例外は、シェルターなどの動物保護施設から引き取られた生後6カ月以上の保護犬や同8週以上の保護猫だ。
この日を境に、州内のペットショップから月齢の若い子犬の姿が消えるわけだ。
知り合いから譲り受ける場合は別として、生後6カ月未満の子犬が欲しければ、ペットショップではなく動物保護施設を自ら訪れるか、ブリーダーに直接連絡をするかの2択、自分が最初の飼い主になりたければ、ブリーダーから購入するしかなくなる。
▽生体販売を巡る動き
どのような環境で誰によって成育されたか分からない生きた動物をペットショップのショーケースに展示し商品として販売する、いわゆる「生体販売」に対する疑問や反発の声は、年々高まっている。

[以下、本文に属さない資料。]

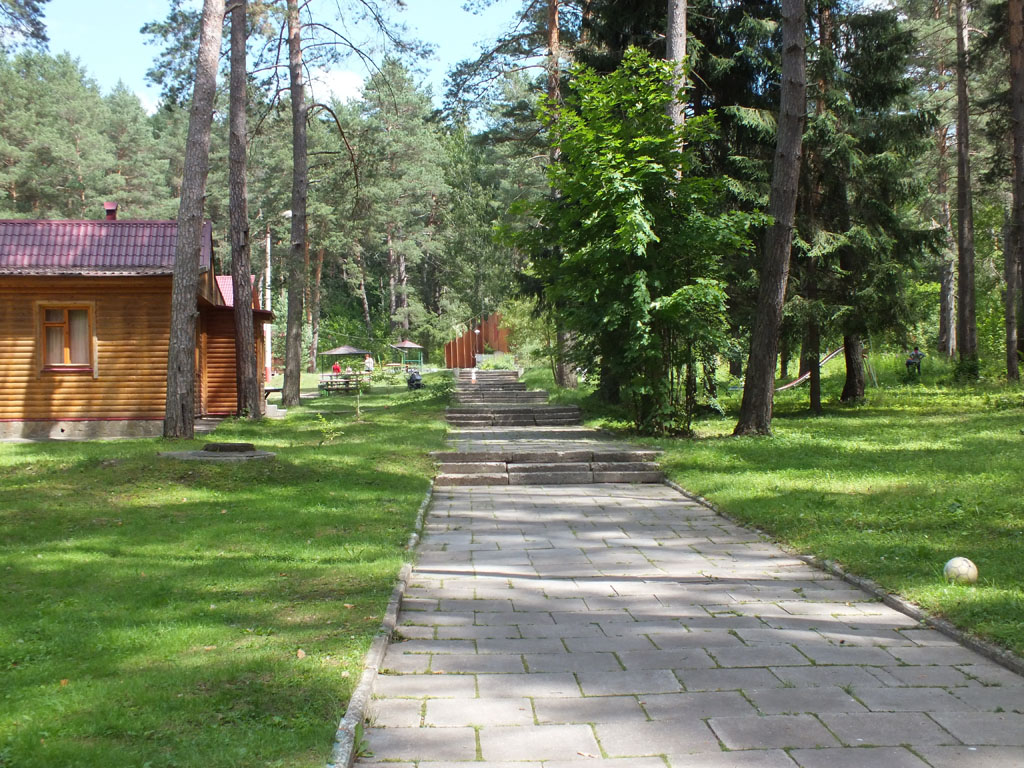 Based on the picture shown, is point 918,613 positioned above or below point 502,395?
below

先進国を中心に、生体販売を条例等で禁止する自治体も少しずつ増えている。
だが、国や州レベルで法規制するというのはまだまだ珍しい。
アメリカではカリフォルニア州が州として初めて犬や猫などの生体販売禁止を法制化。
2019年1月からの施行が決まっている。
オーストラリアでも、州としての法制化はビクトリア州が初めて。
ただし、わたしの住むニューサウスウェールズ州でも、生体販売を行わないペットショップの方がはるかに多く、店頭で子犬や子猫を見かけることはあまりない。
▽法改正が目指すもの
今回の法改正は、14年の州議会選挙で政権を奪還した現アンドリューズ州首相率いる労働党が野党時代に掲げた公約を数年がかりで実現したもの。
ペットショップに対する規制にスポットライトがあたりがちだが、ブリーダーに関しても保有できる母犬の数に上限が設けられるなどといった新たな規制の導入が予定されている。
目的は、劣悪な環境で繁殖を行う「パピーファーム」と呼ばれる利益最優先の悪質な子犬繁殖場の撲滅だ。
動物愛護団体は、今回の州法改正によって創設される新たな登録制度「ペット・エクスチェンジ・レジスター」を高く評価する。
これまでもブリーダー業は所在地の役所に届け出る必要があり、州内に79ある自治体がそれぞれ管理してきた。
今後構築される州全体の包括的なシステムでは、「誰が繁殖し、どこから来たのか」が分かる「ソース番号」を登録者に発行することにより、トレーサビリティー(生産流通履歴)を確保する狙いがある。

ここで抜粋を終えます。